Je paye mon dû à la rentrée littéraire (et, pour une fois, un livre que je ne lis pas pour le travail!) avec cette nouvelle - comment l'appeller? Biographie? - de Jean Echenoz, Courir. Vous vous souvenez peut-être, il y a deux ans, Jean Echenoz s'essayait, avec Ravel, dans un nouveau genre: la biographie romancée. Dis comme ça, cela fait penser à Christian Jacq, mais chez Echenoz, point de vulgarisation, point de vulgarité, et (presque) point de biographie! Un livre qui part d'un intérêt presque obsessionnel pour un personnage, au point où l'on commence à le voir en rêve, à l'imaginer parler, manger, vivre comme n'importe quelle autre personne - c'est là que Echenoz le rescuscite, à travers le livre. Plus qu'une biographie, c'est surtout un portrait psychologique du personnage en question.

Cette fois-ci, il parle d'Emile Zatopek. Comme beaucoup d'entre nous, Jean Echenoz ne connaissait rien de Zatopek. Si vous avez déjà vu Echenoz, il n'y a pas plus éloigné de la course à pied que lui. (ah oui, Emile Zatopek est en fait un des plus grands coureurs de tous les temps). "Le doux Emile". Avec ces mots, tout est dit. Ce doux Emile qui aimait souffrir au point d'en avoir fait sa carrière, comment vivait-il? A quoi pensait-il? Comment ressentait-il cette douleur que provoquait en lui chaque course? Peu à peu, le sportif se révèle, à travers les péripéties sportives et politiques de l'époque, de la Seconde guerre mondiale au Printemps de Prague.

Jean Echenoz est le maître ès observation - et d'autant plus qu'il observe quelqu'un qu'il n'a, en réalité, jamais vu. Mais lorsqu'on lit la description du style si étrange, si incorrect, si scandaleux d'Emile Zatopek - et que l'on compare cette description aux photos que nous avons de Zatopek, on se rend compte que l'on ne pouvait pas trouver de mots plus justes pour dire son corps.

"Emile, on dirait qu'il creuse ou qu'il se creuse, comme en transe ou comme un terrassier. Loin des canons académiques et de tout souci d'élégance, Emile progresse de façon lourde, heurtée, torturée, tout en à-coups. Il ne cache pas la violence de son effort qui se lit sur son visage crispé, tétanisé, grimaçant, continûment tordu par un rictus pénible à voir. Ses traits sont altérés, comme déchirés par une souffrance affreuse, langue tirée par intermittence, comme avec un scorpion logé dans chaque chaussure.

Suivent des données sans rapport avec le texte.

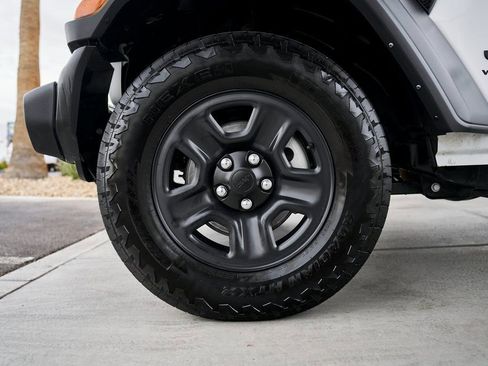 Used 2023 Jeep Wrangler Sport image 3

Il a l'air absent quand il court, terriblement ailleurs, si concentré que même pas là sauf qu'il est là plus que personne et, ramassée entre ses épaules, sur son cou toujours penché du même côté, sa tête dodeline sans cesse, brinquebale et ballotte de droite à gauche. (...) Il donne en course l'apparence d'un boxeur en train de lutter contre son ombre et tout son corps semble être ainsi une mécanique détraquée, disloquée, douloureuse, sauf l'harmonie de ses jambes qui mordent et mâchent la piste avec voracité."

Une belle lecture, entre deux hommes humbles qui se parlent à travers une écriture lumineuse dans sa naïveté.

A lire ailleurs: une très belle critique de Pierre Assouline sur son blog

PS: message de service. 1) je pars à Vienne, donc a) désolée pour les fautes et les imperfections dans ce post, pas le temps de relire! b) je répondrai à tous vos commentaires au retour. 2) il y a un problème sur le formulaire des commentaires qui n'est plus le même, donc les anciens n'apparaissent plus. Ne vous inquiétez pas, je les ai, mais ça merde et je ne sais pas encore pourquoi. Ca va revenir! Tout comme moi.